A pendente lite motion which requests either child support, maintenance or attorneys fees, must include a statement of net worth as an exhibit, even if the statement of net worth has been filed separately.

One form of relief that is typically not available as a part of a pendente lite application, is the order directing the sale of the marital residence. Such relief can only be obtained after trial.

If a party decides to violate the pendente lite order, the proper application is contempt. Shammah v. Shammah, 22 Misc.3d 822 (Sup. Ct. Nassau Co. 2008).

Usually, a pendente lite motion sets up the parties’ positions with respect to critical issues in their divorce case.  If a lawyer is successful in obtaining the relief sought, his/her client’s position going forward will better and the client’s negotiating posture may improve significantly.  Most  divorce attorneys recognize this and are careful in making pendente lite motions.

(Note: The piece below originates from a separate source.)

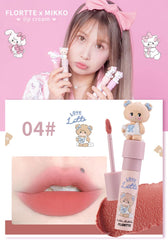 Flortte Lip Tint Matte Lip Moisturizing Lipstick Matte Lip Balm Mousse Mud Texture Moisturizing Lipstick High Color Non-fading Lip Gloss Long Lasting Popular Chinese Cosmetics 4 Colors 2.3g (01)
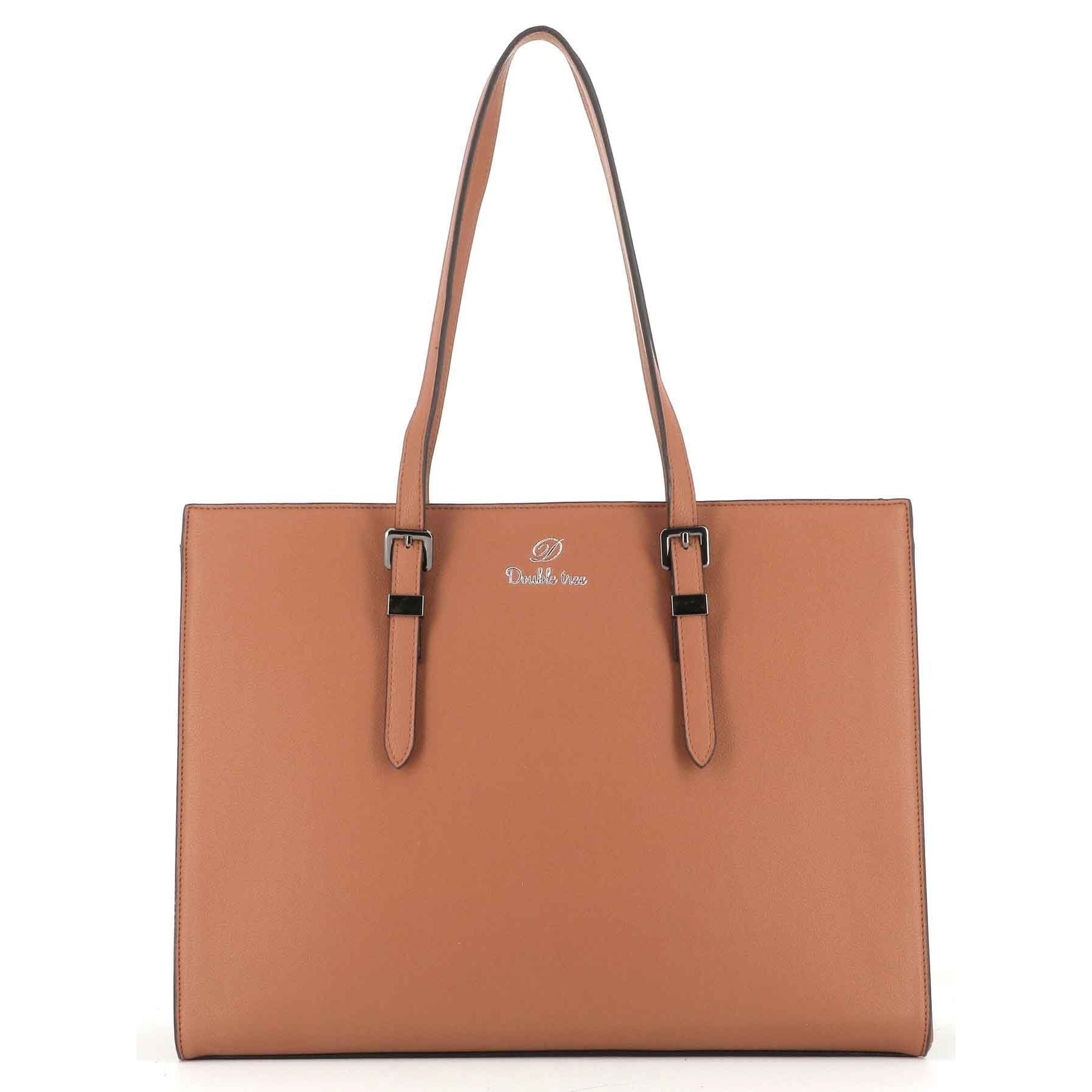 Flora & co sac cabas femme format a4 Camel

Temporary Maintenance and Prenuptial Agreements

Thursday, August 28th, 2008

While a pre-nuptial agreement might restrict or waive a spouse’s right to maintenance and equitable distribution, it may not bar temporary relief, including temporary maintenance, interim counsel fees, and a temporary injunction against the disposing of marital property. Solomon v. Solomon, 224 A.D.2d 331 (1st Dept. 1996). In cases where the parties’ pre-nuptial agreement specifically provides that no maintenance will be awarded pendent lite, however, courts have held that no temporary maintenance should be awarded. See, e.g., Arzin v. Covello, 175 Misc.2d 453 (Sup. Ct., New York County 1998).

In Forsberg v. Forsberg, 219 A.D.2d 615 (2d Dept. 1995), the Second Department upheld the validity of the parties’ pre-nuptial agreement. Nevertheless, the appellate court found that Supreme Court did not improvidently exercise its discretion in awarding the wife $200.00 per week in temporary maintenance. The Second Department noted that, “Generally, the remedy for any seeming inequity in the award of temporary maintenance is a speedy trial at which the rights of the parties may be fully determined.” Id. at 617.

Thus, any pre-nuptial agreements must be carefully drafted to specifically prohibit any claims for temporary maintenance.